Unicode and PureBasic

Everything else that doesn't fall into one of the other PB categories.
Little John
Addict
Addict
Posts: 4519
Joined: Thu Jun 07, 2007 3:25 pm
Location: Berlin, Germany

Unicode and PureBasic

Post by Little John »

Recently there have been repeated questions about this topic, and certainly more questions will come in the future, at the latest when support for ASCII compilation ends.
The purpose of this thread is collecting information about Unicode and PureBasic for reference.
Please post questions and discussions in separate threads. Thank you!


If you are new to Unicode, read this first:
The Absolute Minimum Every Software Developer Absolutely, Positively Must Know About Unicode and Character Sets
Also read the
Unicode section in the PureBasic Reference Manual

I'll start with posting a solution for a problem that has caused some confusion in the past.
What I'm writing here is essentially a summary of this thread.

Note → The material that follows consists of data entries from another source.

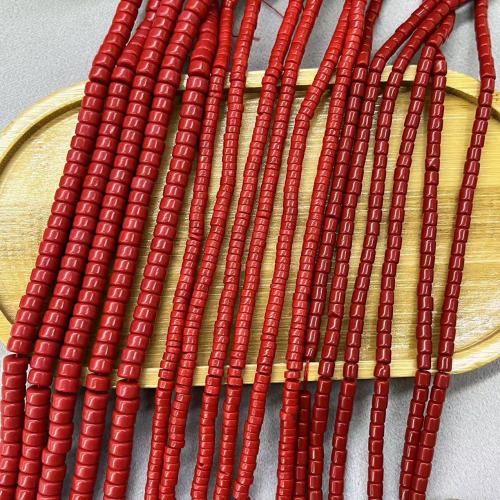 Natural Freshwater Shell Beads DIY Sold By Strand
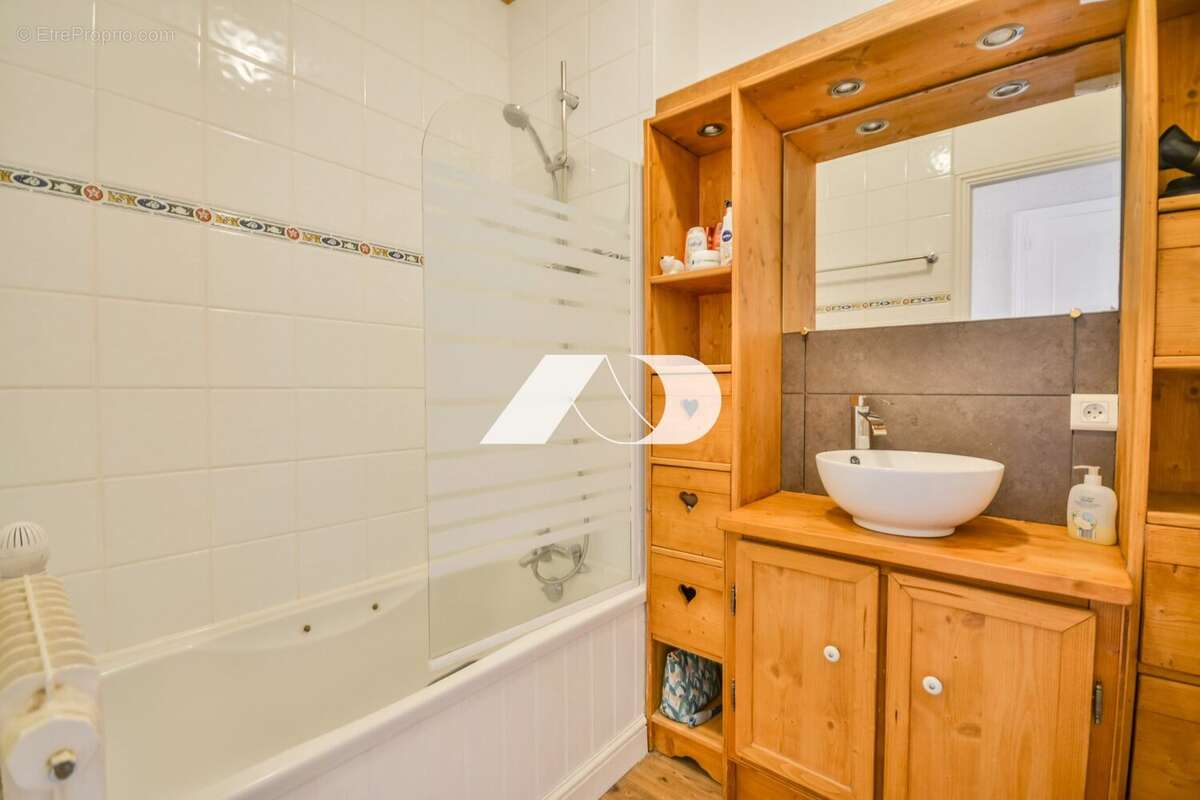 Appartement à MORZINE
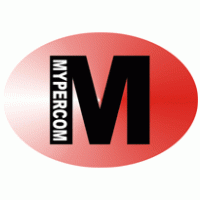 mypercom 2 Logo Vector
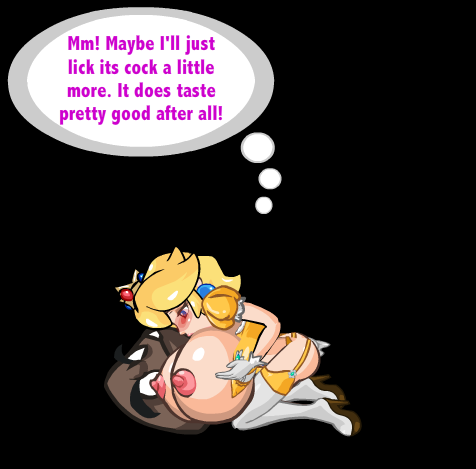 Mario is Missing - Peach's Untold Tale page 4 full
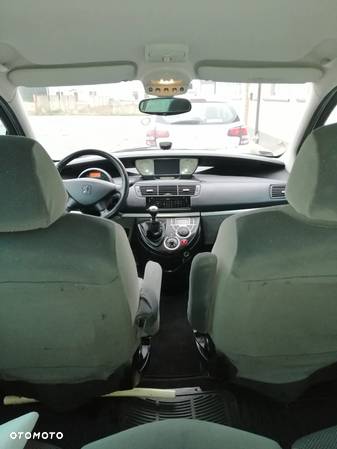 Peugeot 807 2.0 HDi Premium - 7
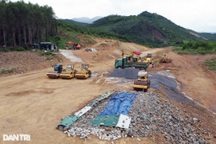 Tập đoàn Thuận An trả lại 38,8 tỷ đồng, rút khỏi dự án cao tốc ở Khánh Hòa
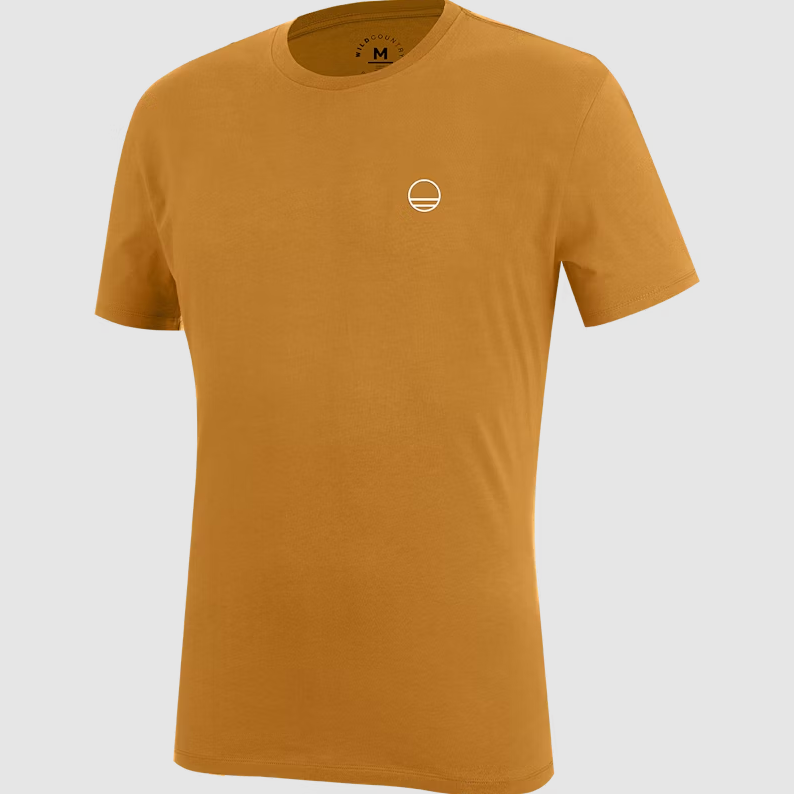 WILDCOUNTRY CAMISETA HERITAGE HOMBRE JOSHUA BROWN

Displaying Unicode characters
  1. In the IDE, choose
    Compiler > Compiler Options... > [v] Create unicode executable
  2. For your gadgets (or wherever you want to show the text) choose a font, that actually contains the glyphs for the characters that you want to display.
  • If your code uses Chr() with Unicode code points not given as variables but as constants, e.g.

    Code: Select all

    MessageRequester("Unicode test", Chr($3042))
    then in the IDE you have to set
    File > File format > Encoding:UTF-8
    ( This is the best source file format anyway for Unicode source files and for ASCII source files.
    For how to convert existing "plain text" source files to UTF-8, see Josh's tip below. )
  • Displaying Unicode characters with Debug only works with PB 5.30+.
    Also when using Debug you must choose an appropriate font, as mentioned above.
    This is done in the IDE via
    File > Preferences... > Debugger > Individual settings > [v] Use a custom font
  • Some information about displaying Unicode characters on the console is in this thread.
Last edited by Little John on Wed Aug 12, 2015 6:02 pm, edited 5 times in total.
Little John
Addict
Addict
Posts: 4519
Joined: Thu Jun 07, 2007 3:25 pm
Location: Berlin, Germany

Re: Unicode in PureBasic

Post by Little John »

The text in this message is partly based on some information from Freak on the German forum.
Any mistakes are very probably introduced by me. :-)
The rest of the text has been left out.